In the ever-expanding world of online offerings, users are frequently asked to leave feedback on a purchase, often in the form of star ratings. This system is seen as tapping into the "wisdom of the crowd" — offering a more objective assessment than the sellers' pitch, safeguarding clients against potential bad purchases, and giving the best products their due.
In reality — as Christoph Schneider of IESE examines in a paper with Markus Weinmann, Peter N.C. Mohr and Jan vom Brocke — star ratings are prone to systemic biases. Understanding those biases can help inform both consumers and companies as stakeholders in the rating game.
Dimensional rating bias
The focus of the authors' paper is how the rating system itself influences outcomes — that is, how the "choice architecture" influences assessments. In it, they examine "single-dimensional" and "multidimensional" rating systems that are used to evaluate restaurants, movies, and a university on online platforms. While a single-dimensional system asks for an overall score only, its multidimensional counterpart breaks it down: how was the restaurant's food? Service? Atmosphere? Over seven experiments, Schneider and co-authors looked at how these different rating systems affect perceived customer satisfaction of the various products or services.
Through the series of experiments, they learned that people's overall ratings are influenced systematically by dimensional ratings and that just being asked to think in terms of dimensions affects the overall rating. Specifically, where individual dimensions are rated highly, the overall rating tends to be higher than it would be on a platform that asked for a single, all-encompassing rating. The reverse is also true: lower scores for individual dimensions pull down the overall score, whether or not the dimensions discussed were truly relevant to overall customer satisfaction.
Practical implications
The authors identify a range of stakeholders who can benefit from knowing about rating biases. These include the review-platform providers who want to provide a high-quality platform. Platform providers should be aware that multidimensional ratings may give a more complete picture, yet they can unduly push ratings in one direction or the other. Instead of asking the crowd of reviewers for both dimensional and overall ratings, platform providers might create their own aggregates for less biased results.
Product and service providers also have vested interests when the rating systems are applied to their offerings. For multidimensional ratings, product providers should note the kinds of questions asked (and not asked). A rating system will be more advantageous if its dimensions match the product or service well.
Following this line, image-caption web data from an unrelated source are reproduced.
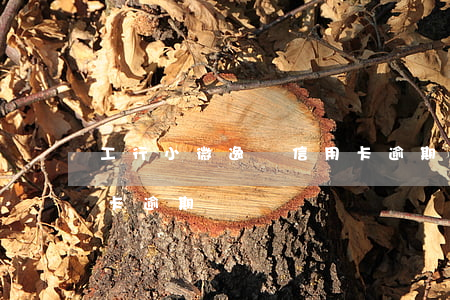 工行小微逸貸信用卡逾期(工行小微逸貸信用卡逾期)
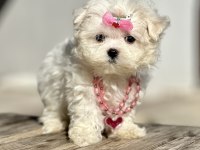Maltese Terrier Kore Safkan Mini Yavrularımız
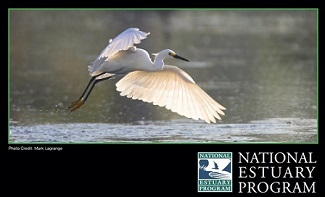 Cover of the National Estuary Program Booklet
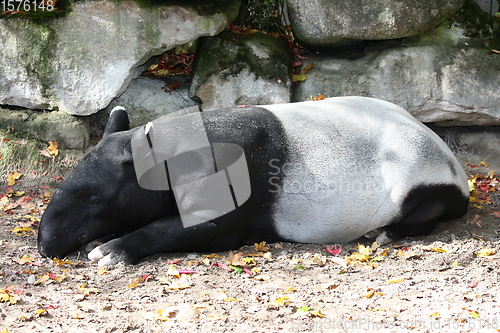 Image of Schabrackentapir  Malaysischer Tapir   Malaysian tapi  (Tapirus indicus)  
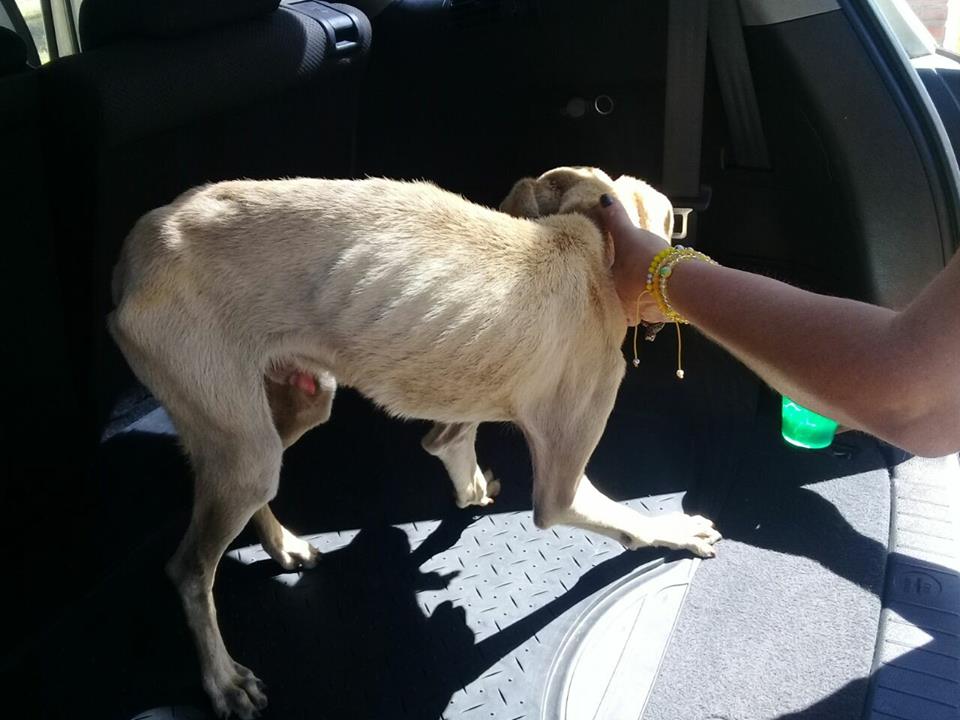 Rescate de perrito 3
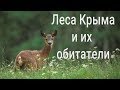 Крым: дикие звери. Популяция растёт
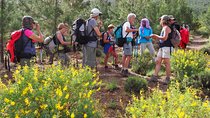 High Atlas Day Trips from Marrakech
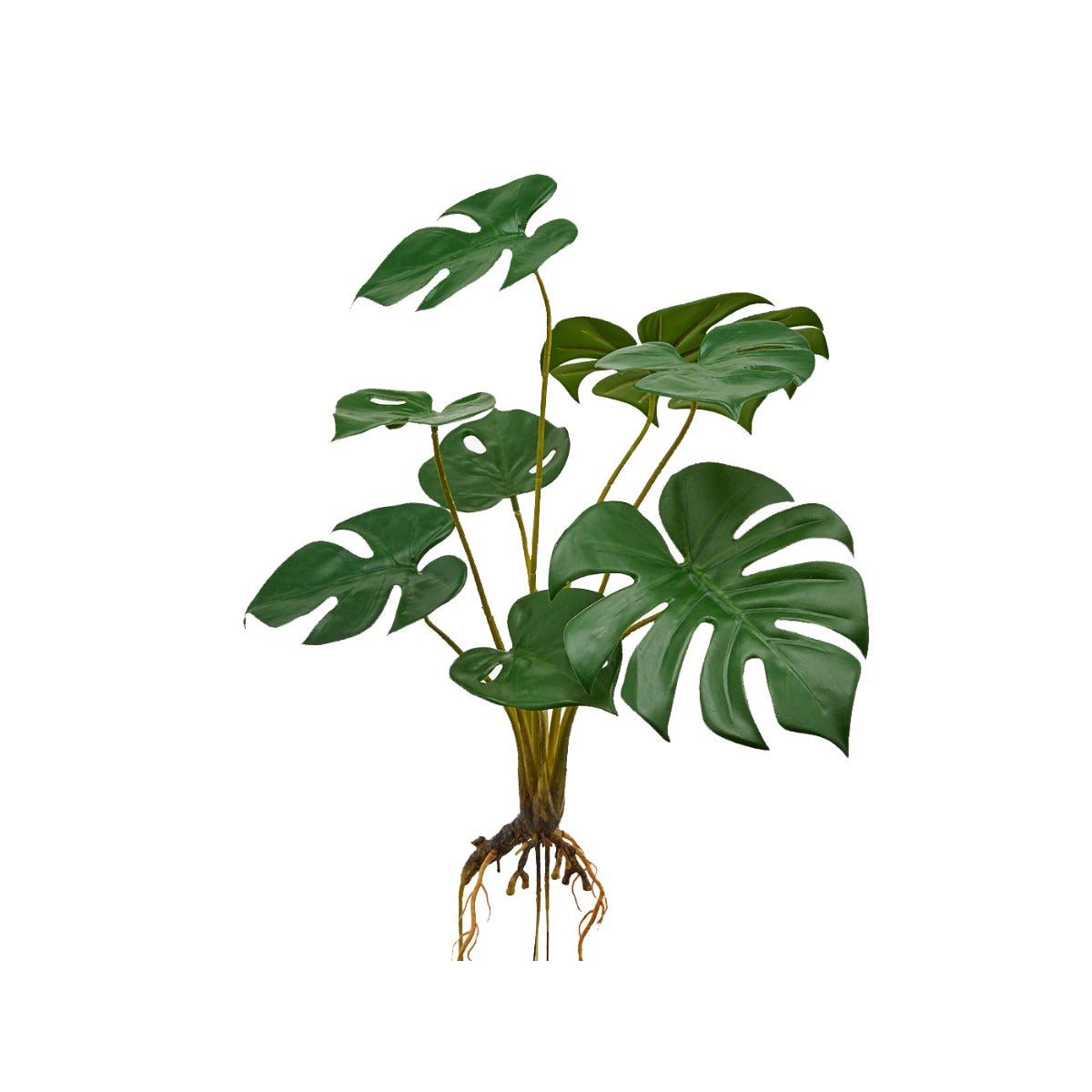 Pianta artificiale di Monstera con radici - 232400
Finally, some consumers will want to know whether or not they would enjoy a restaurant, movie, or other product rated. The study suggests that consumers should place more trust in transparent rating systems. Moreover, consumers should critically evaluate which dimensions of a product are being evaluated to determine whether those dimensions are the most helpful for them. For example, a restaurant rating that asks about décor may be less relevant to many of its hungry would-be patrons and yet still show up in an overall score.
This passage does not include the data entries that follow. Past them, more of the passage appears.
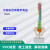 七格匠人体骨骼脊椎彩色中型脊椎合集 立式挂式骨科教学器材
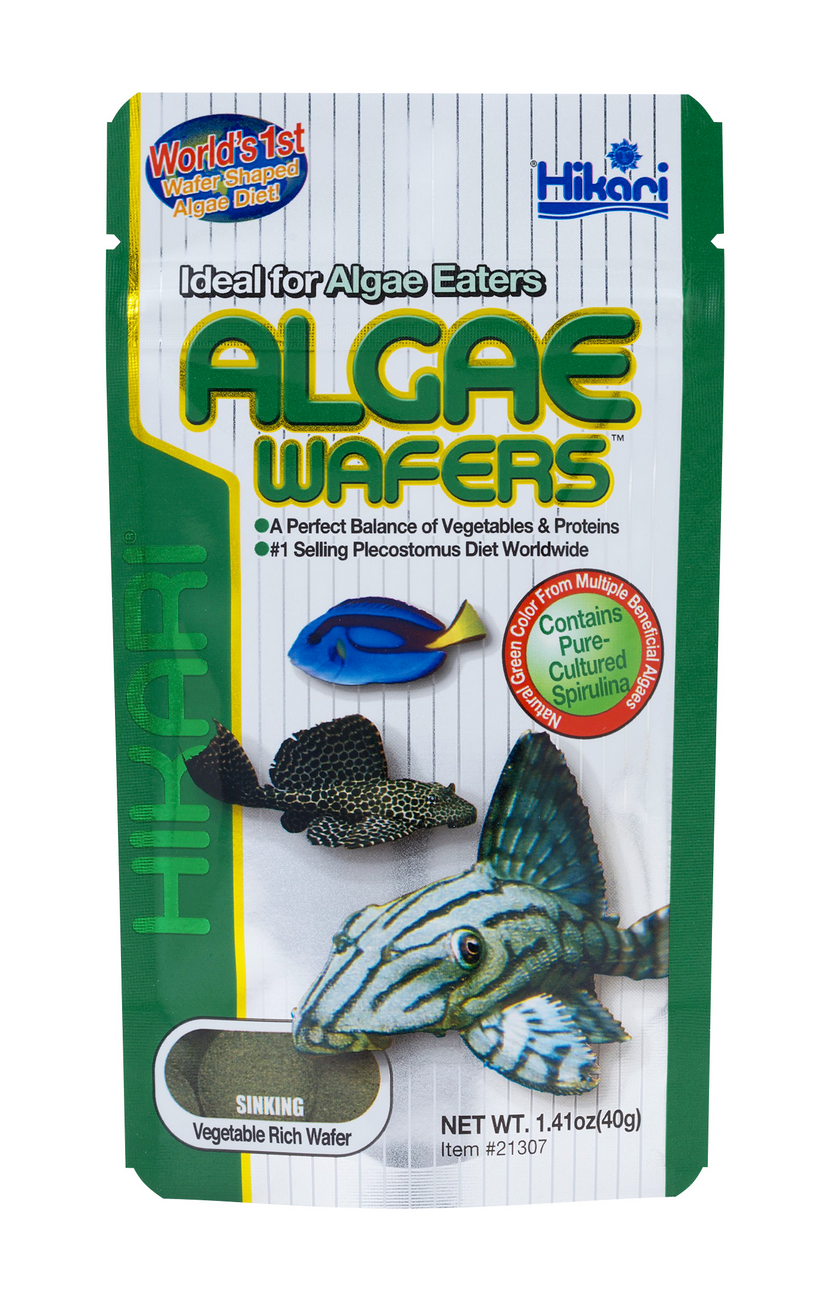Hikari Algae Wafers Rapidly Sinking Wafer Fish Food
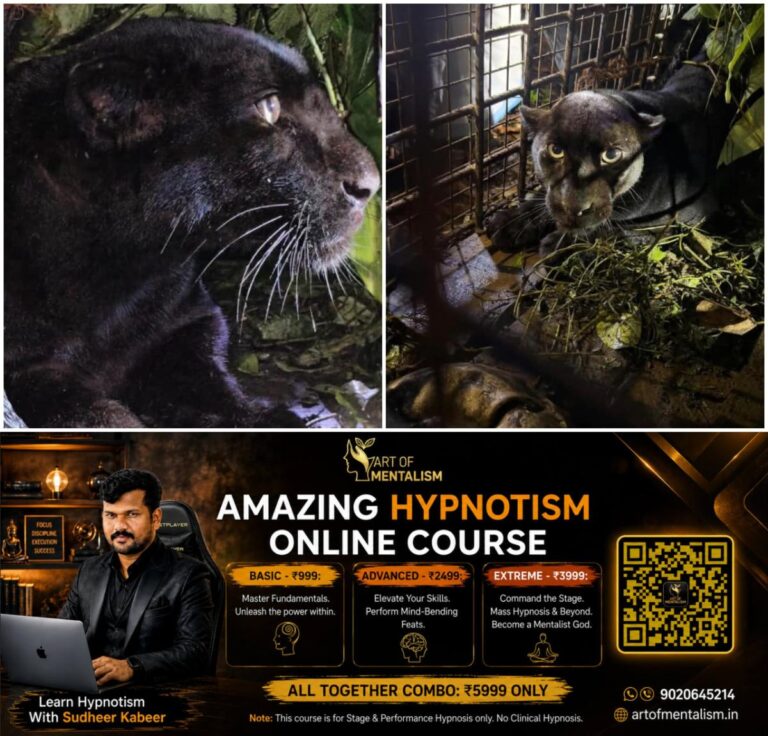 newskerala.net_1791615008_w-1280h-720format-jpgimgid-01m4gskgerq90x0mjhwv740qg2imgname-black-panther-in-konni-17915650871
In many ways, online ratings are still in their infancy. From one platform to another, a rating of one to five bright stars may seem a simple metric, but hidden biases suggest it is not.
Methodology, very briefly
The co-authors began with the question: How do multidimensional rating systems influence overall ratings? They tested the idea over a series of seven studies containing a total of 17 conditions, both in highly-controlled study settings and later as replications in a realistic setting. The studies took place between 2016 and 2019 with participants from Australia, Canada, England, Liechtenstein, New Zealand, and the United States.